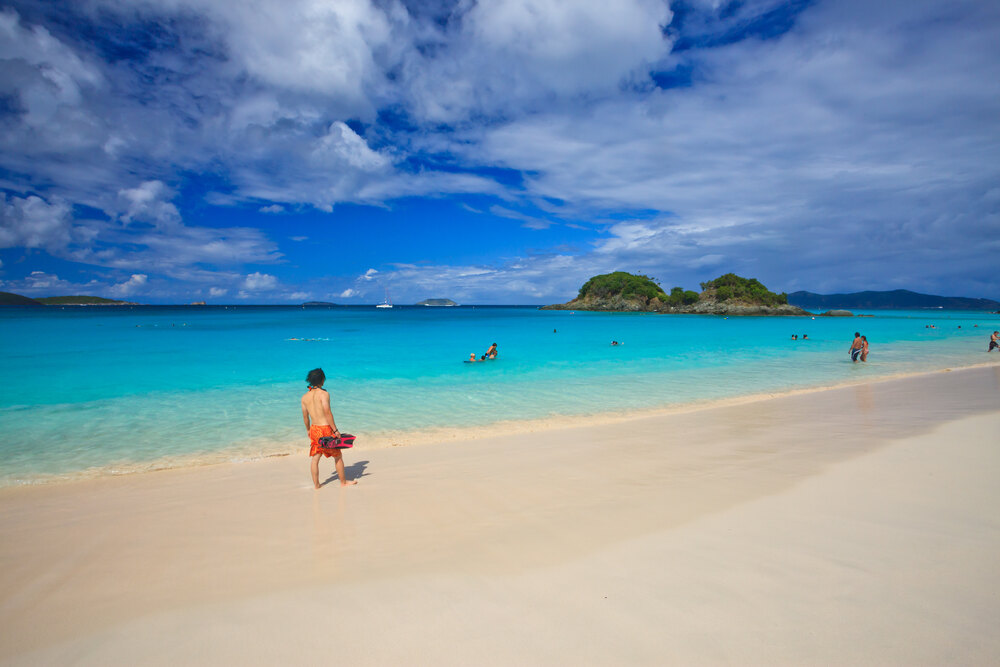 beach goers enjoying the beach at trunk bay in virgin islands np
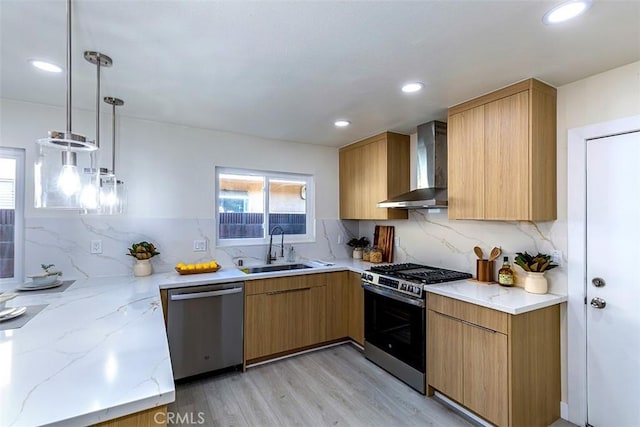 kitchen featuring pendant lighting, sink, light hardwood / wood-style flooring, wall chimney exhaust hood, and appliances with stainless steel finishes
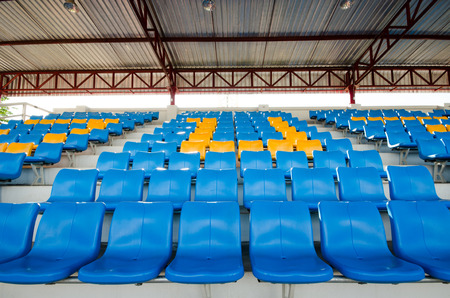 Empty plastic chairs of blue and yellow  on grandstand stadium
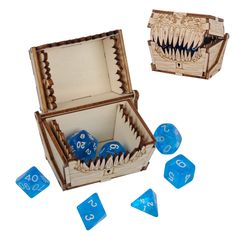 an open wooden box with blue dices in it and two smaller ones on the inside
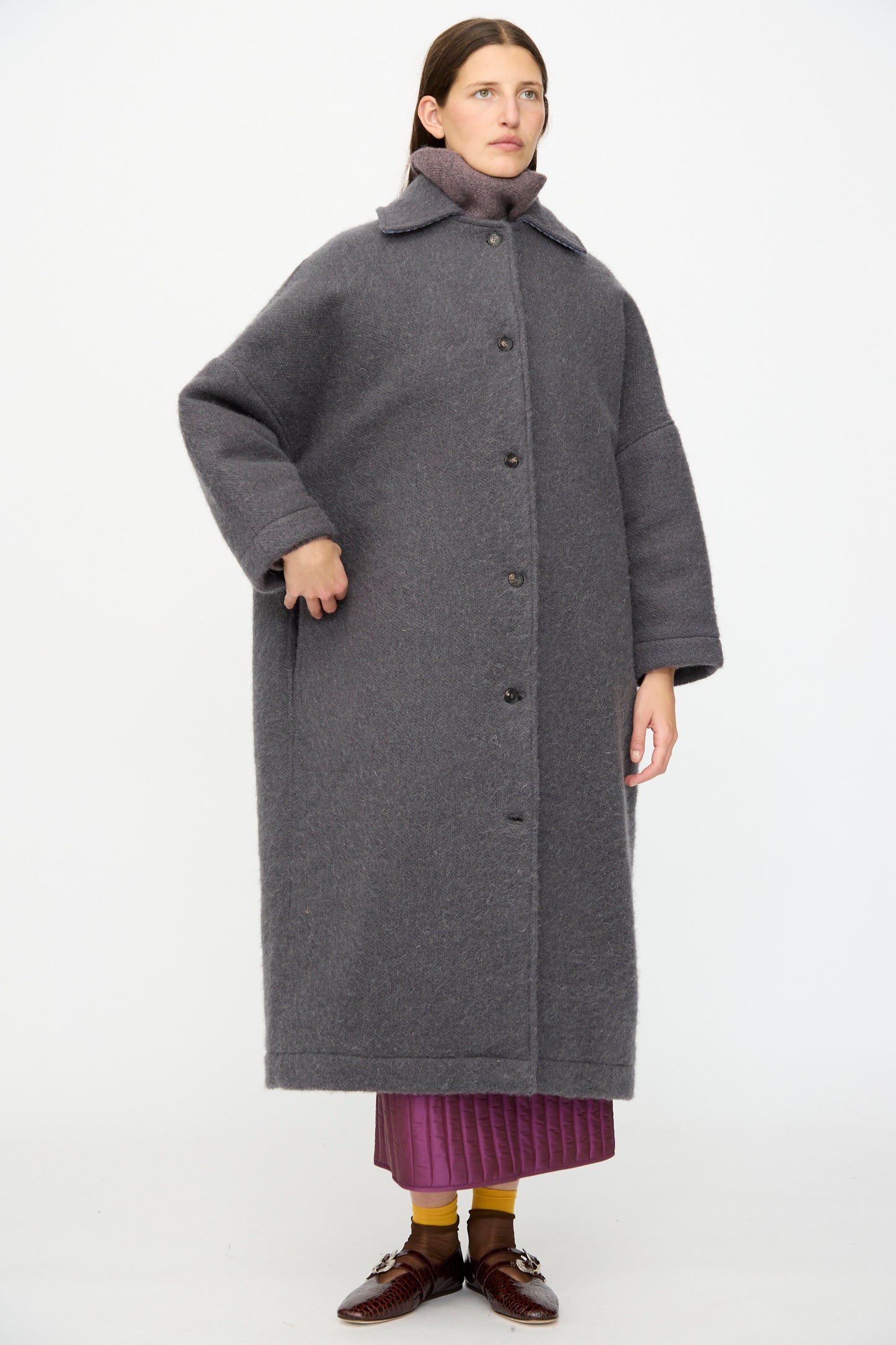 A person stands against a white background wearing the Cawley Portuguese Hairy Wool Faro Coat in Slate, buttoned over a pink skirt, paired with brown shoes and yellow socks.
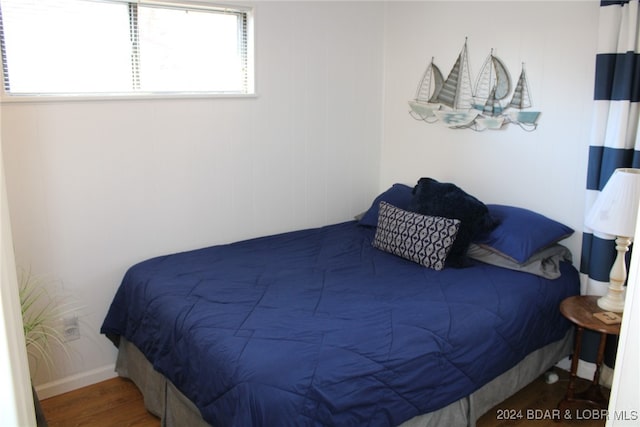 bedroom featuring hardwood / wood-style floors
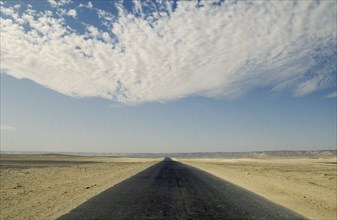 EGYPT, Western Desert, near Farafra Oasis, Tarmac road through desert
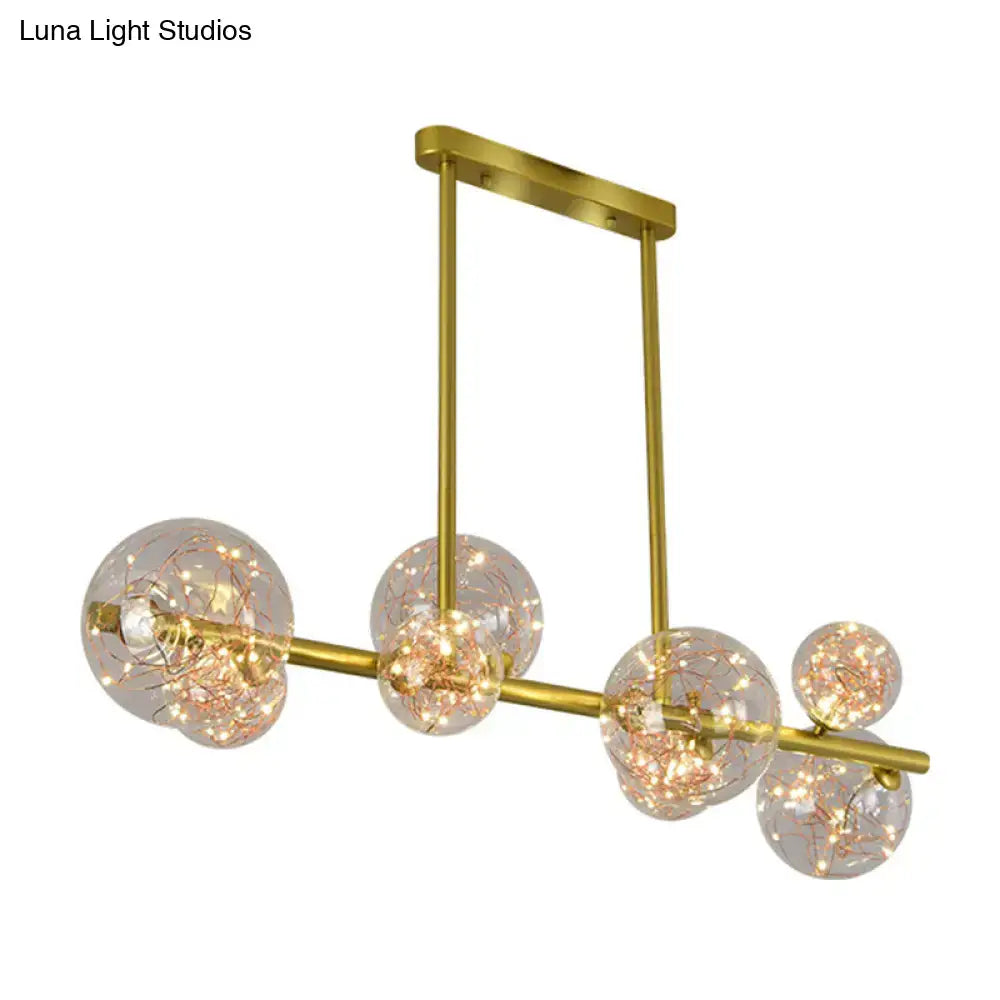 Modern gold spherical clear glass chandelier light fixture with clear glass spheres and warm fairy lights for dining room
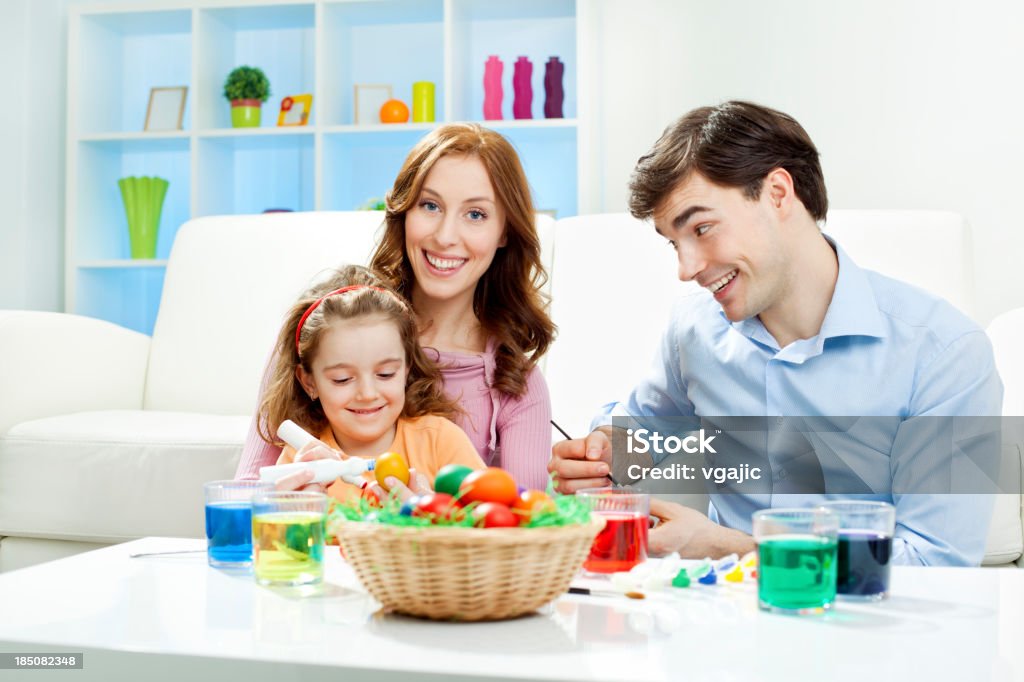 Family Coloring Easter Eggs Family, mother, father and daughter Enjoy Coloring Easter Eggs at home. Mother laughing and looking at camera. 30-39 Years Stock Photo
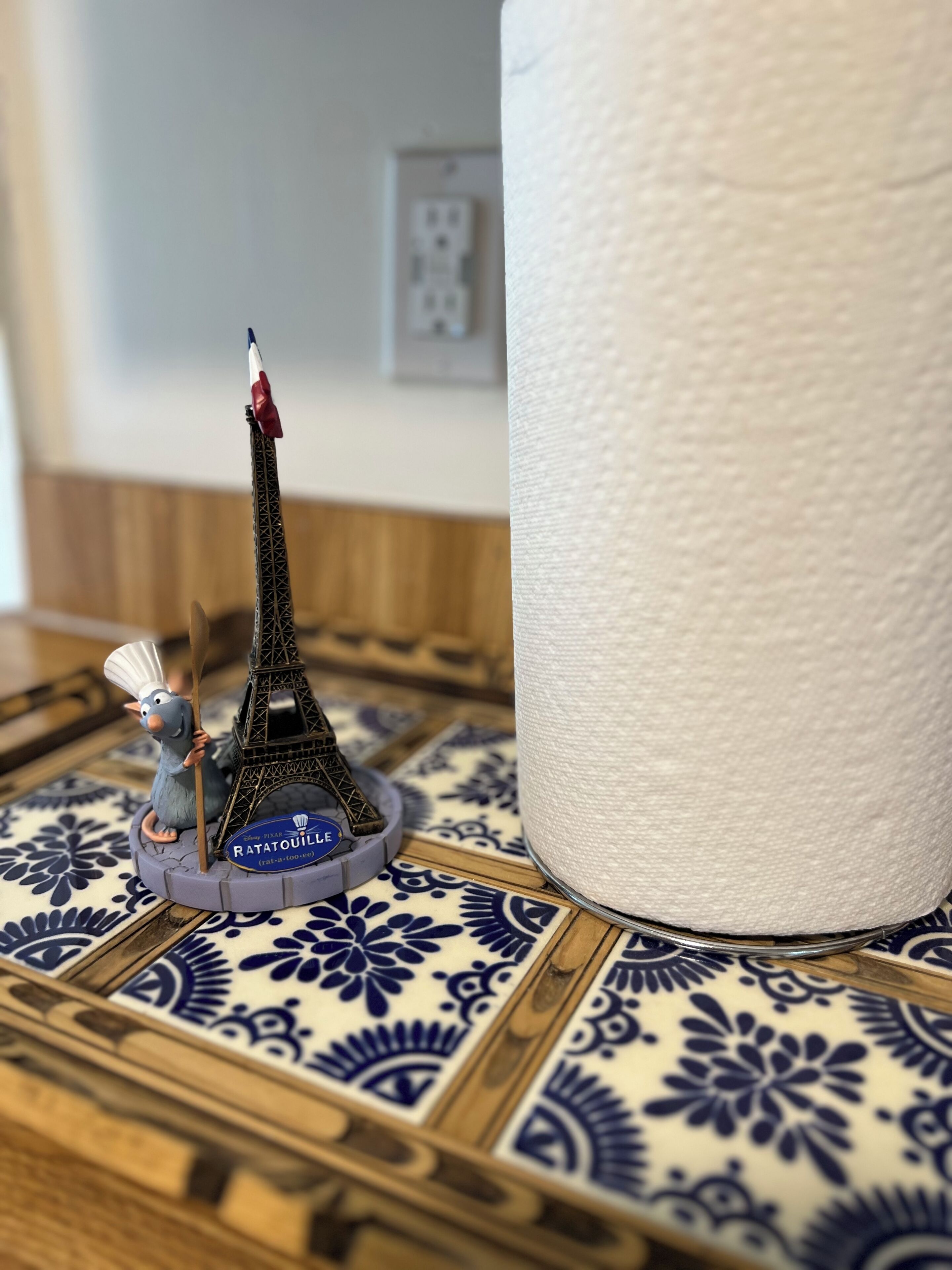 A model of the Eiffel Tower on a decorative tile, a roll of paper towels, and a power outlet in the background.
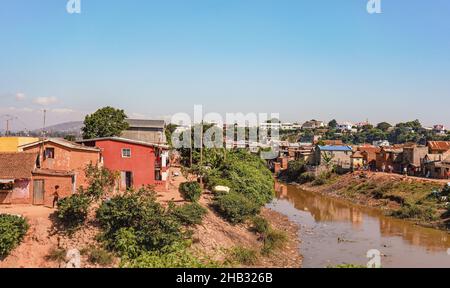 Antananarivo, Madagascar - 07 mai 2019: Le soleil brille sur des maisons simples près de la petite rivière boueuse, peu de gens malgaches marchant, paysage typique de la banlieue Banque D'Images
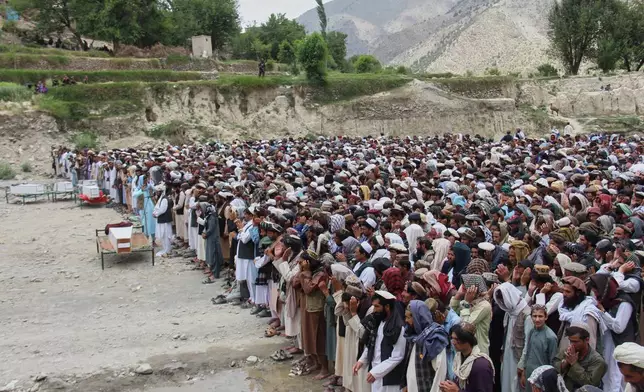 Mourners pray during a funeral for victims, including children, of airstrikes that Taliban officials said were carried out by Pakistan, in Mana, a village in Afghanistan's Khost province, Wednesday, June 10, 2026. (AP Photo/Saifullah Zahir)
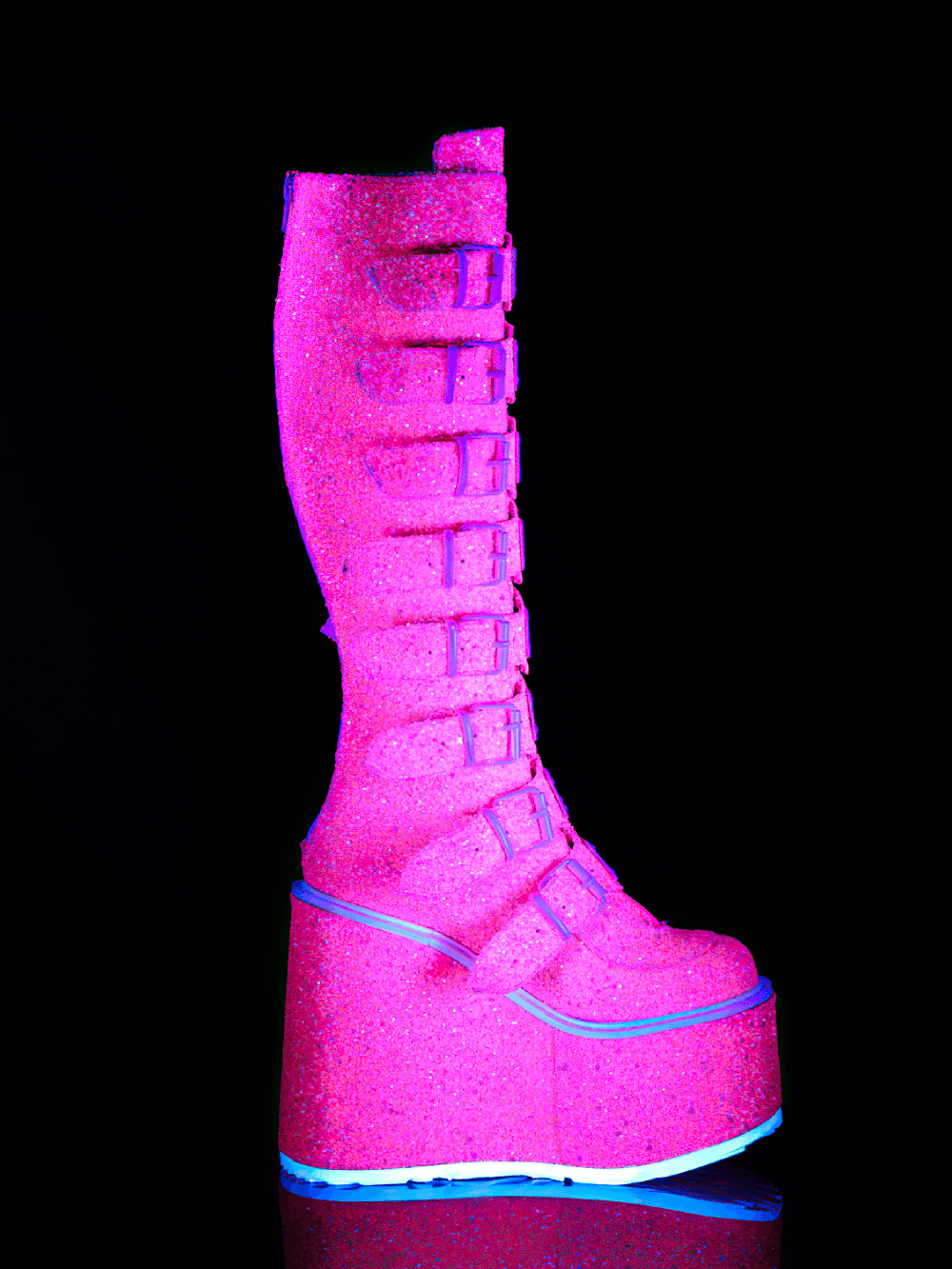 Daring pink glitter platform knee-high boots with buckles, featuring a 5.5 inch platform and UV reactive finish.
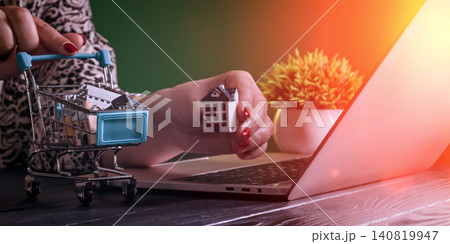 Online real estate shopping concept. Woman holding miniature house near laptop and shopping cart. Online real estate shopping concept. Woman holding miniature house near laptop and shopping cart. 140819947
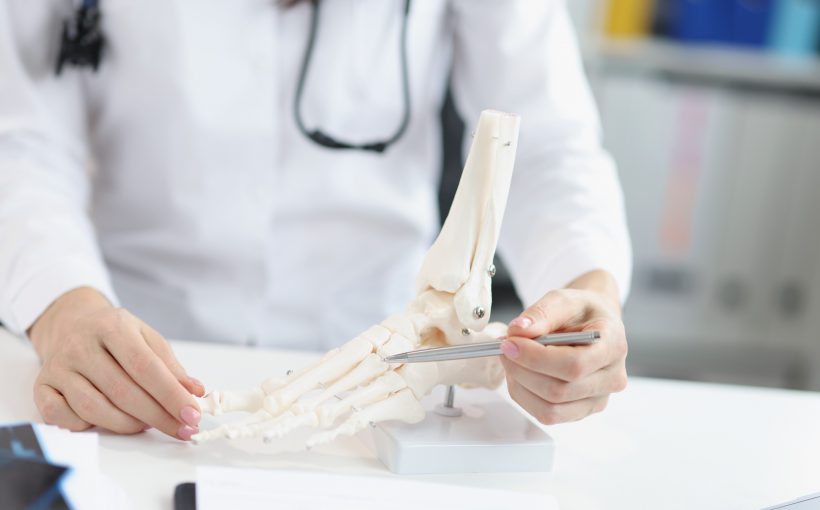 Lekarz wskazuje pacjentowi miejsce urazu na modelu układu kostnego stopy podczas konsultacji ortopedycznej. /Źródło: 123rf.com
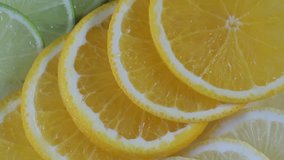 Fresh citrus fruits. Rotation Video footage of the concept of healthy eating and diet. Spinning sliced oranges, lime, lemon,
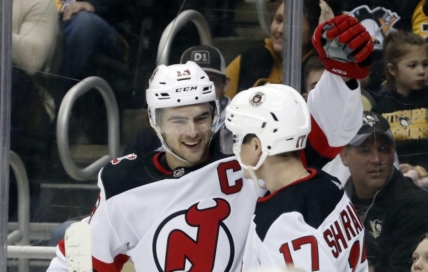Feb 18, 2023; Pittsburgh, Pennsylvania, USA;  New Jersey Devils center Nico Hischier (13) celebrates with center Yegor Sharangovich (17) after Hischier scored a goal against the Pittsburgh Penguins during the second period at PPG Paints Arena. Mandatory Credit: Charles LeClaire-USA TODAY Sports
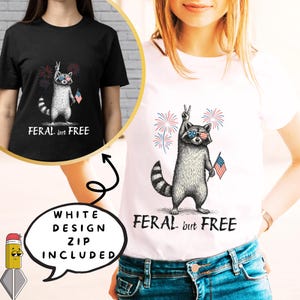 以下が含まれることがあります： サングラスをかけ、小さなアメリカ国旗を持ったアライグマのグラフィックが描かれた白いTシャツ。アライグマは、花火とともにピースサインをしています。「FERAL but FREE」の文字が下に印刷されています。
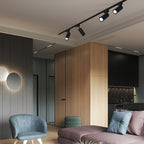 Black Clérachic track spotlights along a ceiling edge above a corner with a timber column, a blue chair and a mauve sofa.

TASK TO COMPLETE
Could you transcribe every entry exactly, leaving out the pictures?

ANSWER TO THE PROBLEM
 beach goers enjoying the beach at trunk bay in virgin islands np
 kitchen featuring pendant lighting, sink, light hardwood / wood-style flooring, wall chimney exhaust hood, and appliances with stainless steel finishes
 Empty plastic chairs of blue and yellow  on grandstand stadium
 an open wooden box with blue dices in it and two smaller ones on the inside
 A person stands against a white background wearing the Cawley Portuguese Hairy Wool Faro Coat in Slate, buttoned over a pink skirt, paired with brown shoes and yellow socks.
 bedroom featuring hardwood / wood-style floors
 EGYPT, Western Desert, near Farafra Oasis, Tarmac road through desert
 Modern gold spherical clear glass chandelier light fixture with clear glass spheres and warm fairy lights for dining room
 Family Coloring Easter Eggs Family, mother, father and daughter Enjoy Coloring Easter Eggs at home. Mother laughing and looking at camera. 30-39 Years Stock Photo
 A model of the Eiffel Tower on a decorative tile, a roll of paper towels, and a power outlet in the background.
 Antananarivo, Madagascar - 07 mai 2019: Le soleil brille sur des maisons simples près de la petite rivière boueuse, peu de gens malgaches marchant, paysage typique de la banlieue Banque D'Images
 Mourners pray during a funeral for victims, including children, of airstrikes that Taliban officials said were carried out by Pakistan, in Mana, a village in Afghanistan's Khost province, Wednesday, June 10, 2026. (AP Photo/Saifullah Zahir)
 Daring pink glitter platform knee-high boots with buckles, featuring a 5.5 inch platform and UV reactive finish.
 Online real estate shopping concept. Woman holding miniature house near laptop and shopping cart. Online real estate shopping concept. Woman holding miniature house near laptop and shopping cart. 140819947
 Lekarz wskazuje pacjentowi miejsce urazu na modelu układu kostnego stopy podczas konsultacji ortopedycznej. /Źródło: 123rf.com
 Fresh citrus fruits. Rotation Video footage of the concept of healthy eating and diet. Spinning sliced oranges, lime, lemon,
Feb 18, 2023; Pittsburgh, Pennsylvania, USA;  New Jersey Devils center Nico Hischier (13) celebrates with center Yegor Sharangovich (17) after Hischier scored a goal against the Pittsburgh Penguins during the second period at PPG Paints Arena. Mandatory Credit: Charles LeClaire-USA TODAY Sports
 以下が含まれることがあります： サングラスをかけ、小さなアメリカ国旗を持ったアライグマのグラフィックが描かれた白いTシャツ。アライグマは、花火とともにピースサインをしています。「FERAL but FREE」の文字が下に印刷されています。
 Black Clérachic track spotlights along a ceiling edge above a corner with a timber column, a blue chair and a mauve sofa.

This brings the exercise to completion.